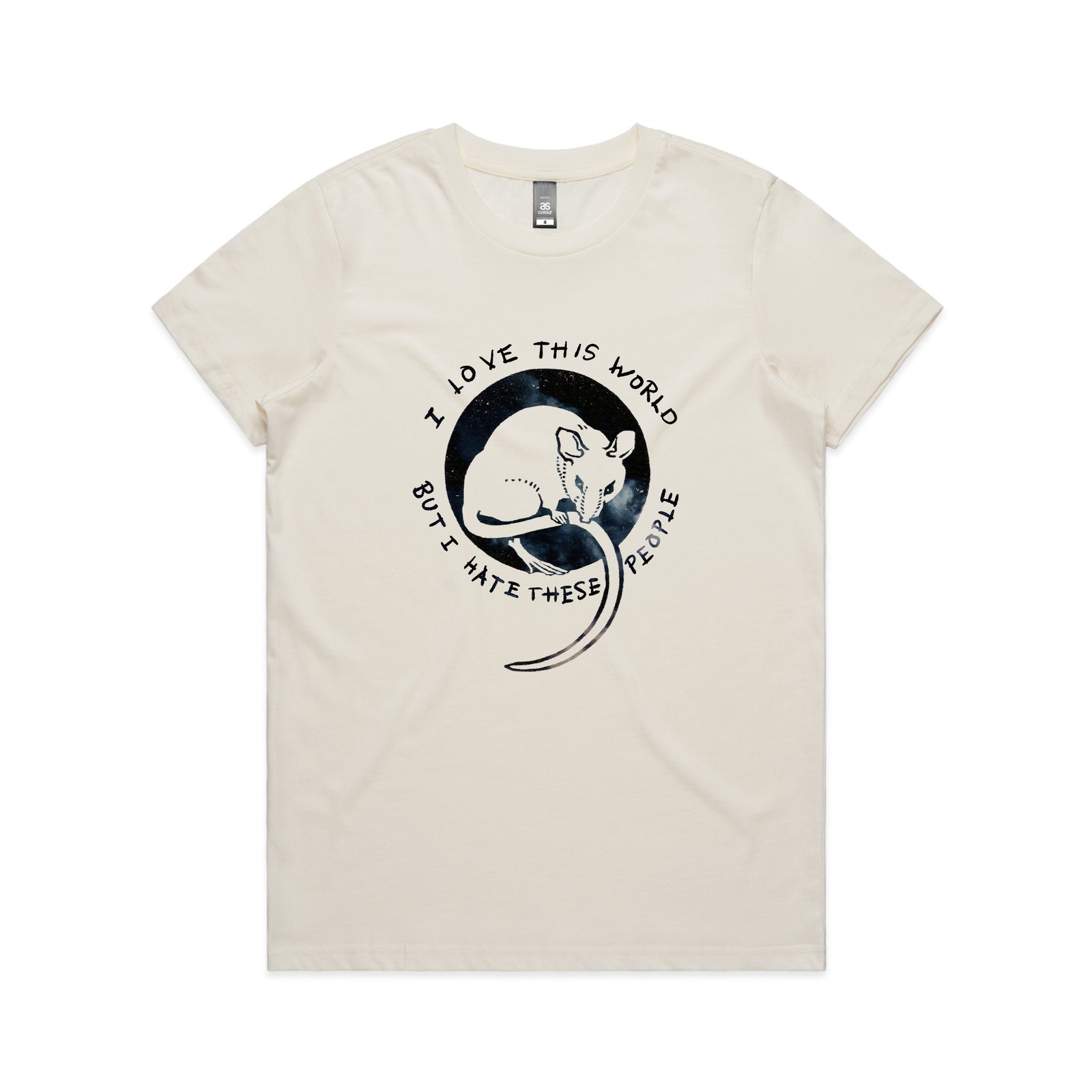 Love This World Tee
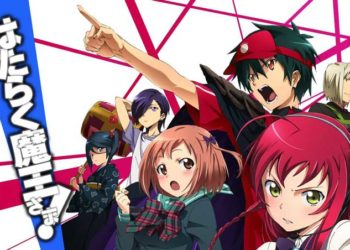 The Devil Is A Part Timer Season 2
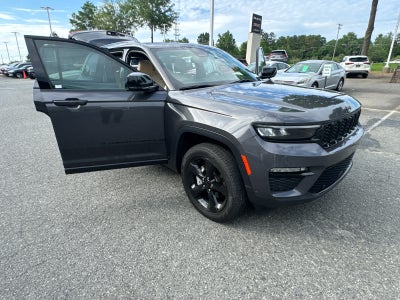 2024 Jeep Grand Cherokee Limited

*What you need to do*:
The data above are to be repeated word for word, with any pictures left out.

*Response below*:
 Love This World Tee
 The Devil Is A Part Timer Season 2
 2024 Jeep Grand Cherokee Limited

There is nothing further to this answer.